L'ARTICLE DE L'ASTRONAUTE No.10 - Mai 1999



S'IL TE PLAÎT, DESSINE-MOI UNE FUSÉE
Troisième partie: "Dessine-moi la fusée de demain"

Par Yves Gourinat, Association Apollo25


- Dis-moi, est-il vrai que les principes de la fusée actuelle remontent à la plus haute antiquité?
- Oui, Héron d'Alexandrie avait bâti une machine tournante à vapeur, l'éolipile, fondée sur le principe de réaction. Archytas de Tarente, avait, quant à lui, mû un jouet en forme d'oiseau (suspendu à un fil) par du gaz comprimé. Et la poudre noire a été utilisée près de 1000 ans avant notre ère, dans des fusées primitives chinoises.
- On a quand même bien amélioré la technologie, depuis!
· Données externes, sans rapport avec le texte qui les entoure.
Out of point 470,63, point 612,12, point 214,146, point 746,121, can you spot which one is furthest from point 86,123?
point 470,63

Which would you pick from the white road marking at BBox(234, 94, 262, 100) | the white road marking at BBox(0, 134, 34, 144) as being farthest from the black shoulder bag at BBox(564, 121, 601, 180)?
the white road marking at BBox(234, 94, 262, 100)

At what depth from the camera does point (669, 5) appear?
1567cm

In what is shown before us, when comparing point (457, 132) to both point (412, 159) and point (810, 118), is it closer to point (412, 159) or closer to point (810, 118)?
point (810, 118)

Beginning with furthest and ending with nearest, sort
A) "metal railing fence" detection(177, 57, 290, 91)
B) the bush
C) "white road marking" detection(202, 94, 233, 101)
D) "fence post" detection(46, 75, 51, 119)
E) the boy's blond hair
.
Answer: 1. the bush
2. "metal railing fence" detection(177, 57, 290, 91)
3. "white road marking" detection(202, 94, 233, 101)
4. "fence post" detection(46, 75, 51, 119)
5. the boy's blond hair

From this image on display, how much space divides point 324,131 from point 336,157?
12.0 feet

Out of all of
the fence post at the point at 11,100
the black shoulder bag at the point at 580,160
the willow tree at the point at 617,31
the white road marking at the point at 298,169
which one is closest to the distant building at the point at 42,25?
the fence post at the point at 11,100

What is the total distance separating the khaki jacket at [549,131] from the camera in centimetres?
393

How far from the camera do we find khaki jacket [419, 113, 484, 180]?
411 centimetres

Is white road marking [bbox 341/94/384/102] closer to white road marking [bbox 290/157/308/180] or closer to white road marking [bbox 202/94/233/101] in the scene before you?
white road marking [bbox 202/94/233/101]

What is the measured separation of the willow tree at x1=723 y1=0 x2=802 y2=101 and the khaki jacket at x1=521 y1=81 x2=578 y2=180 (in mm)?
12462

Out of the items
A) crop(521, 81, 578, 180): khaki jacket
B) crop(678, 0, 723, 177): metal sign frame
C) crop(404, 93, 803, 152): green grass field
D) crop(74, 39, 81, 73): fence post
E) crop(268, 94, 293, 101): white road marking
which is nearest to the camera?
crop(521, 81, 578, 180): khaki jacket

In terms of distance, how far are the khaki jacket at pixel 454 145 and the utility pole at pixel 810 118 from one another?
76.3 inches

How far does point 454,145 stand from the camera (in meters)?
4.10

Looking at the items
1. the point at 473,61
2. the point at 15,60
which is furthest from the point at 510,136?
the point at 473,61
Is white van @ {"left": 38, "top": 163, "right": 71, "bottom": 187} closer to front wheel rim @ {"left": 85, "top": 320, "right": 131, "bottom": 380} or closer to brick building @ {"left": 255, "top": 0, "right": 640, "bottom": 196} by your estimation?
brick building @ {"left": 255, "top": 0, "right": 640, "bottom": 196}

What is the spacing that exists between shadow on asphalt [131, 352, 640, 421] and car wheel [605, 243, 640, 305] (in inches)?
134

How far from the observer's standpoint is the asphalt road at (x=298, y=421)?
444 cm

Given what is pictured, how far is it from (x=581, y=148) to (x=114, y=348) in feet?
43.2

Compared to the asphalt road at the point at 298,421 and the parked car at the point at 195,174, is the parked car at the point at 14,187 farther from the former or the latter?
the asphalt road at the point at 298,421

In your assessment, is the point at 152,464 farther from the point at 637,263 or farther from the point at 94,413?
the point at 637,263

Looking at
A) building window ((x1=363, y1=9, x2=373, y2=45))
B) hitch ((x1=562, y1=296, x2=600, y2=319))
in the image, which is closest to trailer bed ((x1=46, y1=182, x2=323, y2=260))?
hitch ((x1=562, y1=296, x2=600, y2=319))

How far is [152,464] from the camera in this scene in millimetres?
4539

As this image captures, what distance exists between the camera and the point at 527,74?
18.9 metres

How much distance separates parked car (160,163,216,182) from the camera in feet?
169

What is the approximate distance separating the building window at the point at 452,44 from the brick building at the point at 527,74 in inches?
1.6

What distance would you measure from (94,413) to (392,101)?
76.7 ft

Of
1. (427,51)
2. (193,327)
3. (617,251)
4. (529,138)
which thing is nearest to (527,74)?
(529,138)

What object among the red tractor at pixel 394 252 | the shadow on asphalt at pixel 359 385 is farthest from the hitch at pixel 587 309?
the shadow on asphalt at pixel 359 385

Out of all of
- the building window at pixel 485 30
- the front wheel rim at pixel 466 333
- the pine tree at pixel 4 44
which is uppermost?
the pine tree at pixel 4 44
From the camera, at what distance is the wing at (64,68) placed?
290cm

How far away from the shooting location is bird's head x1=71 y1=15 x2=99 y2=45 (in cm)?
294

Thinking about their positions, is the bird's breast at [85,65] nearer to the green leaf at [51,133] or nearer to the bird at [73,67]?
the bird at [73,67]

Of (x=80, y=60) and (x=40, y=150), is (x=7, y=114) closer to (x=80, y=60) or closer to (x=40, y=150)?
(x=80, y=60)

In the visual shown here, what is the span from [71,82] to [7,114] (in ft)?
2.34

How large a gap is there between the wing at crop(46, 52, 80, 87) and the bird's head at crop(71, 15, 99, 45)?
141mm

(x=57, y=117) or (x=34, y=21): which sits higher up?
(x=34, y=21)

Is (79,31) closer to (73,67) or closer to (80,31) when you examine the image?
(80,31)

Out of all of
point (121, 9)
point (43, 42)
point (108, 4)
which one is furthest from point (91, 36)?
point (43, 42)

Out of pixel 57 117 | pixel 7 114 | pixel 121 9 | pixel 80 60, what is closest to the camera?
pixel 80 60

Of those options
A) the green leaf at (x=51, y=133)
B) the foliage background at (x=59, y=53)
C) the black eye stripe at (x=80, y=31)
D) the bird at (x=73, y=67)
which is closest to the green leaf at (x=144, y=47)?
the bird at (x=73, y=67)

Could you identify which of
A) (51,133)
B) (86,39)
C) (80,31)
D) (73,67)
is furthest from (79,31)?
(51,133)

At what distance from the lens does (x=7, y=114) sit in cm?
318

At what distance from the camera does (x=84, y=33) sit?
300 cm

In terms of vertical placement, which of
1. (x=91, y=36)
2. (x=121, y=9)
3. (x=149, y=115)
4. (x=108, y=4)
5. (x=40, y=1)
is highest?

- Oui, bien sûr. Il y a eu à la fin du siècle dernier le grand visionnaire, l'instituteur de Kalouga, Konstantin Tsiolkowski, le Léonard de Vinci de l'astronautique. Puis il y a eu des praticiens: Pedro Paulet, Robert Goddard, Herrman Oberth, et le Français Robert Esnault-Pelterie. Ce dernier a d'ailleurs pratiquement perdu une main lors du démarrage d'un de ses moteurs à liquide, mais c'est à ces pionniers que nous devons la porte des étoiles. Il y a eu ensuite Von Braun, Bossart, Korolev, Glushko et Chelomei. En France, nous avons eu la chance d'être, grâce au programme Diamant, la troisième puissance spatiale historique, derrière l'ex-URSS et les États-Unis... Et cela s'est fait sur un "coup de gueule" du Général. C'est d'ailleurs grâce à cela que nous sommes leaders sur le marché Ariane, avec toutes les conséquences que l'on sait. Pour Concorde et Airbus, c'est la même histoire...
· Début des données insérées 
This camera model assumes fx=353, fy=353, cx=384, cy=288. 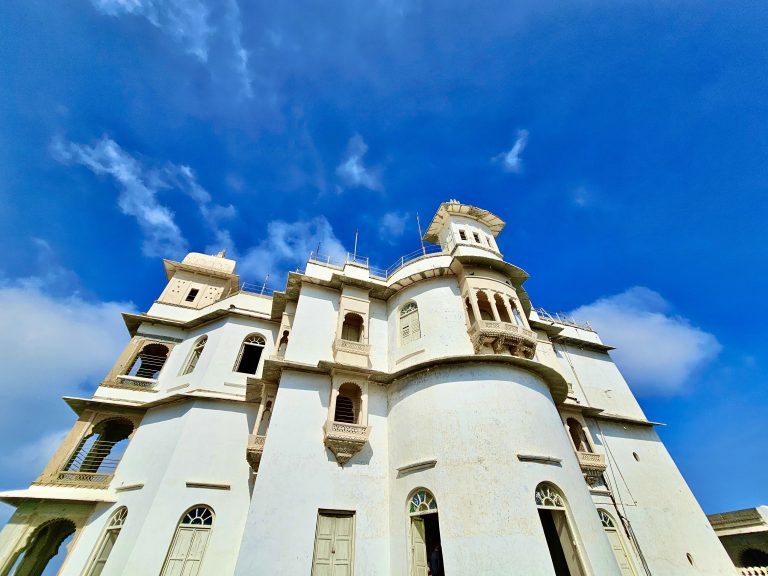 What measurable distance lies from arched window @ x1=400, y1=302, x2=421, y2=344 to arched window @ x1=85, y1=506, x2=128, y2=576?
45.9 feet

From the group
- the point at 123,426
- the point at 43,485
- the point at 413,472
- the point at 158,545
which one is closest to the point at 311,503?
the point at 413,472

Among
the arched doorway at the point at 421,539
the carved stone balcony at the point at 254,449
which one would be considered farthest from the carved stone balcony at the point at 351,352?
the arched doorway at the point at 421,539

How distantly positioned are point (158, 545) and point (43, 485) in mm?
6804

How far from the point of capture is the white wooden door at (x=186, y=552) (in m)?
13.1

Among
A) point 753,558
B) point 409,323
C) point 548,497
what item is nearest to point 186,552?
point 409,323

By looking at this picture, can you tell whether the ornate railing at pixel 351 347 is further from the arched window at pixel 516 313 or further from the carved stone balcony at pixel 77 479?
the carved stone balcony at pixel 77 479

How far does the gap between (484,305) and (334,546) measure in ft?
40.8

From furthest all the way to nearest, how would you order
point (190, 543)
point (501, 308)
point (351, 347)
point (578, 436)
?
point (578, 436), point (501, 308), point (351, 347), point (190, 543)

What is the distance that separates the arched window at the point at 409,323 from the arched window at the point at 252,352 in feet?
27.9

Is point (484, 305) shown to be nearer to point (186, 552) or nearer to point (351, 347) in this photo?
point (351, 347)

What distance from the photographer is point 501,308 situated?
17594 millimetres

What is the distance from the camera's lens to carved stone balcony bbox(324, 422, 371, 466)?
13844 mm

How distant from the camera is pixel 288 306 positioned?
66.3 ft

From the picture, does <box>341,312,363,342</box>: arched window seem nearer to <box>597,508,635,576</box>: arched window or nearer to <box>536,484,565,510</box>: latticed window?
<box>536,484,565,510</box>: latticed window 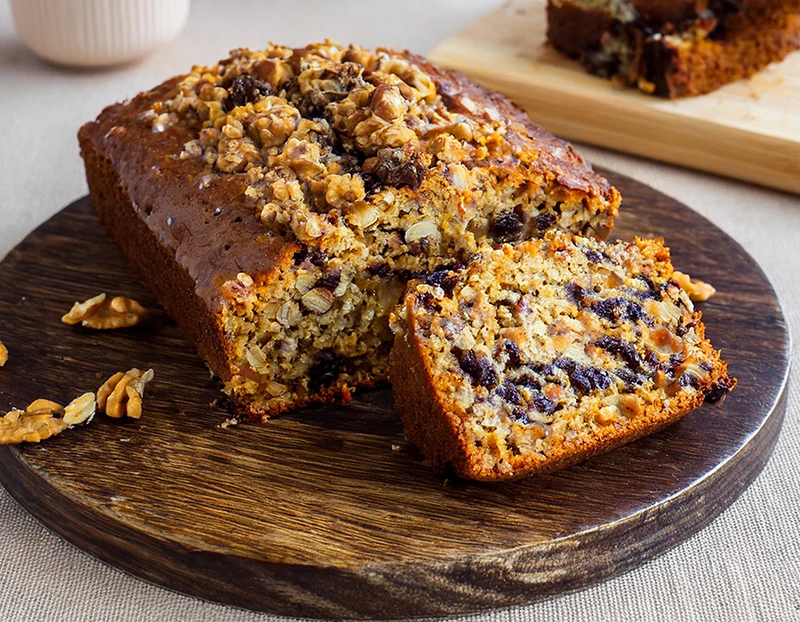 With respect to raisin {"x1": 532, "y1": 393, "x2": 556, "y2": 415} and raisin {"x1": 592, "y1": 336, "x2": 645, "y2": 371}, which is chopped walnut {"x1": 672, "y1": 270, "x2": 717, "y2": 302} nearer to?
raisin {"x1": 592, "y1": 336, "x2": 645, "y2": 371}

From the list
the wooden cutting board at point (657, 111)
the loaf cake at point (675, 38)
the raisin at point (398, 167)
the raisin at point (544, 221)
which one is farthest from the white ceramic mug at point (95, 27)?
the raisin at point (544, 221)

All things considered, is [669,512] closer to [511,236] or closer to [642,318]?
[642,318]

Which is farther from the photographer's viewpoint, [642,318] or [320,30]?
[320,30]

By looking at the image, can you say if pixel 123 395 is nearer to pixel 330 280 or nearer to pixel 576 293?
pixel 330 280

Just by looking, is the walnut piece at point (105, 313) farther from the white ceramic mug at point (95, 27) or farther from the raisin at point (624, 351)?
the white ceramic mug at point (95, 27)

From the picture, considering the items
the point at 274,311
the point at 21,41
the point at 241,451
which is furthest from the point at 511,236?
the point at 21,41

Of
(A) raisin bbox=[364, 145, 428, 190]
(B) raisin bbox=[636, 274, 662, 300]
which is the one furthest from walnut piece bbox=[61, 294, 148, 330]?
(B) raisin bbox=[636, 274, 662, 300] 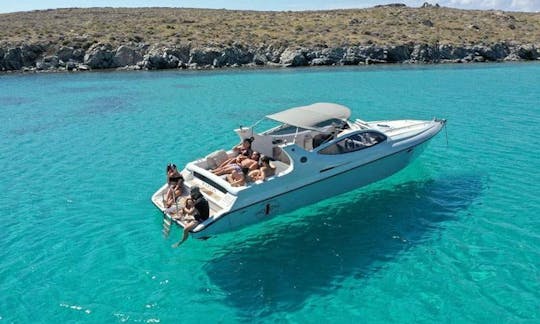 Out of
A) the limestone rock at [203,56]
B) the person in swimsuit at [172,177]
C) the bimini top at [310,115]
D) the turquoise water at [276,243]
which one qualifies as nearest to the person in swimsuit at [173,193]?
the person in swimsuit at [172,177]

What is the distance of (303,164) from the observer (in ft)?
39.8

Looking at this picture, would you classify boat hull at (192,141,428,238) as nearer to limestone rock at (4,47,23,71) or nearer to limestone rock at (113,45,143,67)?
limestone rock at (113,45,143,67)

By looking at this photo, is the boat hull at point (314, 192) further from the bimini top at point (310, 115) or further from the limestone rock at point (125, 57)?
the limestone rock at point (125, 57)

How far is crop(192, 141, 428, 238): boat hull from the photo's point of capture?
10888 millimetres

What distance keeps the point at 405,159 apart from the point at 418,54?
2181 inches

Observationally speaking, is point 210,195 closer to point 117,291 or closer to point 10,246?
point 117,291

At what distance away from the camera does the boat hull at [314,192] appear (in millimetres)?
10888

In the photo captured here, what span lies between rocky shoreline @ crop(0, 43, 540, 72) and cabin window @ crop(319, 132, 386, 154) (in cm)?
4911

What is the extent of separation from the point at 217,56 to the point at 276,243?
54.6 m

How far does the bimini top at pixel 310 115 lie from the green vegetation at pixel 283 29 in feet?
175

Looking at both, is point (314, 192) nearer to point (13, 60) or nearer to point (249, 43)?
point (249, 43)

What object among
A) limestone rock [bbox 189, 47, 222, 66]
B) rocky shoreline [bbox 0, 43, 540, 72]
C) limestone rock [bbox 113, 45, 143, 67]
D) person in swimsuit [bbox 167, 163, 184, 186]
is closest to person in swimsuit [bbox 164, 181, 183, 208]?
person in swimsuit [bbox 167, 163, 184, 186]

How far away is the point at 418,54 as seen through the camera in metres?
64.9

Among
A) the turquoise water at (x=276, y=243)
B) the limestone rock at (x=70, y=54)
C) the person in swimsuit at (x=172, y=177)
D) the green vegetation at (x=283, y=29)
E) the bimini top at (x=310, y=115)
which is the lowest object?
the turquoise water at (x=276, y=243)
Mais la technologie classique commence à trouver ses limites: on ne peut pas sortir du mélange hydrogène/oxygène plus d'enthalpie que les molécules n'en contiennent. Et les moteurs de la Navette ne sont pas loin de l'optimum. Avec la propulsion classique, on ne peut plus rêver aller beaucoup plus vite, car elle nous condamne à emmener l'essentiel de la masse sous forme de carburant.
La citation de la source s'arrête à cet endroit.